Oosista yang keluar dari hospes definitif akan mengalami sporulasi di bawah kondisi

alam yang sesuai menjadi 8 sporozoit, yaitu bentuk yang infektif pada manusia dan hewan

(Frenkel, 1990). Apabila oosista yang telah bersporulasi ini mencemari makanan atau minuman

dan kemudian tertelan oleh hospes perantara, maka akan pecah di dalam usus. Sporozoit yang

dikeluarkan tersebut akan menginfeksi dan selanjutnya mengadakan multiplikasi di dalam sel

epitel usus dan limfonodus di sekitarnya, sehingga terbentuklah trofozoit. Trofozoit ini akan

menyebar ke seluruh tubuh melalui aliran darah dan limfe. Selanjutnya terjadilah fase
multiplikasi secara seksual yang akan membentuk sista jaringan dengan kandungan bradizoit

yang banyak (Dubey, 1994; Neva dan Brown, 1994).

Secara seksual (gametogenesis), trofozoit akan mengadakan multiplikasi dan diferensiasi

intraseluler secara endodiogeni, sehingga masing-masing trofozoit akan menghasilkan dua

merozoit. Siklus reproduksi yang repetitif tersebut akan membentuk koloni organisme yang

berbentuk roset dengan sel mukosanya yang mengalami pembengkakan, kemudian pada

akhirnya akan pecah. Proses selanjutnya adalah pembelahan secara skizogoni yang akan

menghasilkan 5 sampai 32 merozoit yang masuk ke dalam lumen usus dan menembus sel epitel

usus di sekitarnya. Merozoit tersebut selanjutnya akan mengalami proses pembentukan gamet

atau gametogoni yang akan menghasilkan mikrogamet (gamet jantan) dan makrogamet (gamet

betina). Apabila kedua gamet tersebut bersatu, maka terjadilah zigot atau bentukan yang

dinamakan oosista. Oosista tersebut selanjutnya akan keluar bersama dengan feses yang masih

non infektif. Melalui suatu proses yang dinamakan sporulasi, oosista tersebut akan berkembang

menjadi sporoblas yang di dalamnya masing-masing mengandung sporosista. Sporosista tersebut

masing-masing akan membelah diri lagi untuk menghasilkan 4 sporozoit, sehingga di dalam 1

oosista terdapat 8 sporozoit (Desmonts, 1990).

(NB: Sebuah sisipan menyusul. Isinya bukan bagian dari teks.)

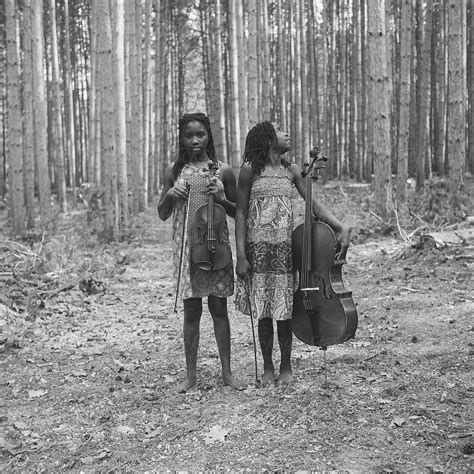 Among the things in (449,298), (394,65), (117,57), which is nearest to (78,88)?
(394,65)

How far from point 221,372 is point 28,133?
11.0 m

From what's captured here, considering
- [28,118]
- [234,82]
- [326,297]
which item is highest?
[234,82]

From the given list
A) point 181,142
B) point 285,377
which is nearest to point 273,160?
point 181,142

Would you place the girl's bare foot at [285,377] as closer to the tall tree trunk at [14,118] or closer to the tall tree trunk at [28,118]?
the tall tree trunk at [14,118]

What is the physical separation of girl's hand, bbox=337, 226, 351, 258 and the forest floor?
0.92 metres

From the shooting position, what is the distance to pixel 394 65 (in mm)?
24156

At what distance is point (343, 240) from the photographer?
356cm

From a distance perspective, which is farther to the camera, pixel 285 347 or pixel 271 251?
pixel 285 347

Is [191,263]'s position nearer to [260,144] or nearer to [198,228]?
[198,228]

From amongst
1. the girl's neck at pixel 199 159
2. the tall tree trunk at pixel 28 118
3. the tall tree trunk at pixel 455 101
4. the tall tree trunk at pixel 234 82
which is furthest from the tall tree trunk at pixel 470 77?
the girl's neck at pixel 199 159

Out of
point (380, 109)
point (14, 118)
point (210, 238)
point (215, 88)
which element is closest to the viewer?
point (210, 238)

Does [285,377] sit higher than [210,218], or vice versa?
[210,218]

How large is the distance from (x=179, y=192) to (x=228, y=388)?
4.44ft

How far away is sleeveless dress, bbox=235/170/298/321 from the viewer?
3.77 metres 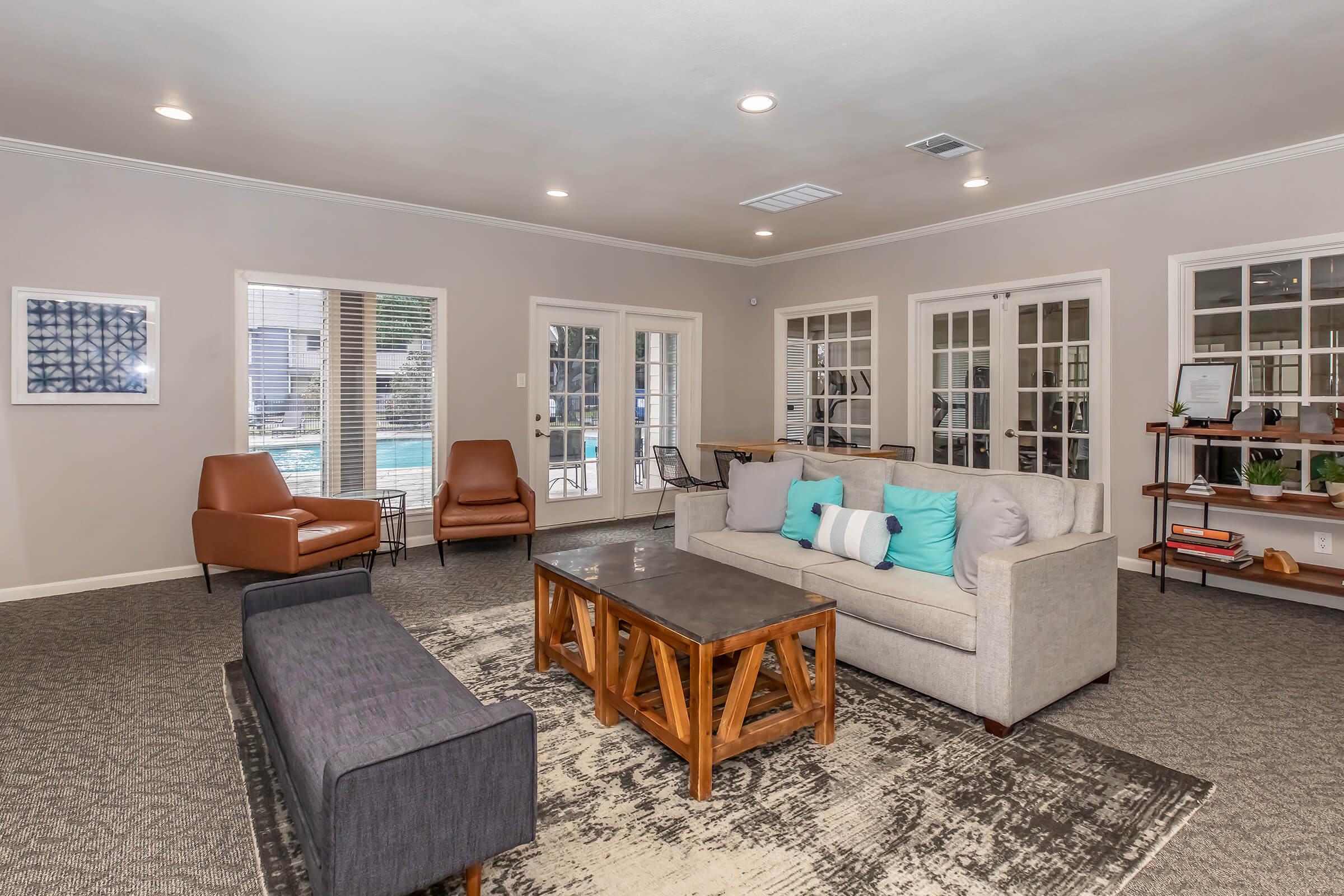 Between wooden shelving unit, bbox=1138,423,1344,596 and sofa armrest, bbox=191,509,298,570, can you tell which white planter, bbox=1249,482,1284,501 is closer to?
wooden shelving unit, bbox=1138,423,1344,596

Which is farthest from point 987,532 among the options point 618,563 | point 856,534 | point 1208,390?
point 1208,390

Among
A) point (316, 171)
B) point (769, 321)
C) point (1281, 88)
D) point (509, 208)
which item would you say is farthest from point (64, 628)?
point (1281, 88)

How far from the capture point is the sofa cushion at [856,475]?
3.46 meters

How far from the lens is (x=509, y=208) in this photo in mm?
5336

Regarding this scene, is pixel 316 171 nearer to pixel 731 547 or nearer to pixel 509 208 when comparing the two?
pixel 509 208

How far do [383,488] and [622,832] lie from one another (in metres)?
4.08

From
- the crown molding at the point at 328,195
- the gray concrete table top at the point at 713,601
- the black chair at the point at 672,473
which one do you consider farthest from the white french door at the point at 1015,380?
the gray concrete table top at the point at 713,601

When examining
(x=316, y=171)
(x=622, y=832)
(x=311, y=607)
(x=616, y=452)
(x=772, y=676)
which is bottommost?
(x=622, y=832)

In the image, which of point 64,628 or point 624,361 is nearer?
point 64,628

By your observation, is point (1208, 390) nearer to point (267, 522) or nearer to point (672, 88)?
point (672, 88)

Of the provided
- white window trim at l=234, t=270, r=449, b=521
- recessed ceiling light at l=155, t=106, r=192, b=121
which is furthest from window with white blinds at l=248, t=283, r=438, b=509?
recessed ceiling light at l=155, t=106, r=192, b=121

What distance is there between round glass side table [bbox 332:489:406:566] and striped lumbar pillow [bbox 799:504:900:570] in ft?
9.58

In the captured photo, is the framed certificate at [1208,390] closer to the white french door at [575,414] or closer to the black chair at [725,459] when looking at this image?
the black chair at [725,459]

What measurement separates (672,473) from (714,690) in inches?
161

Gametosit sendiri pembentukannya berlangsung di dalam usus halus selama 3 sampai 15

hari setelah infeksi terjadi. Periode yang dibutuhkan mulai dari masuknya oosista atau parasit ke

dalam tubuh hospes hingga terjadinya gejala klinik atau periode prepaten dari toxoplasma adalah

20-40 hari. Perkembangan selanjutnya akan berakhir di dalam usus kucing, yaitu dengan

terbentuknya oosista (Soulsby, 1982). Untuk berkembang menjadi oosista di dalam tubuh kucing

dapat memerlukan yang lebih singkat, apabila infeksi yang terjadi berupa penelanan sistozoit

atau bentuk bradizoitnya, yaitu berkisar antara 3-21 hari. Apabila kucing tersebut menelan
bentuk takizoit, maka perlu waktu 19-48 hari (Cheng, 1986). Siklus perkembangan Toxoplasma

gondii akan lebih sempurna apabila kucing memakan jaringan atau daging dari hospes perantara

yang mengandung sista jika dibanding menelan oosista dari tanah. Dengan demikian, maka

jumlah oosista yang dikeluarkan bersama kotoran kucing akan lebih banyak setelah menelan

sista jaringan apabila dibanding dengan menelan oosista yang bersporulasi (Dubey, 1994).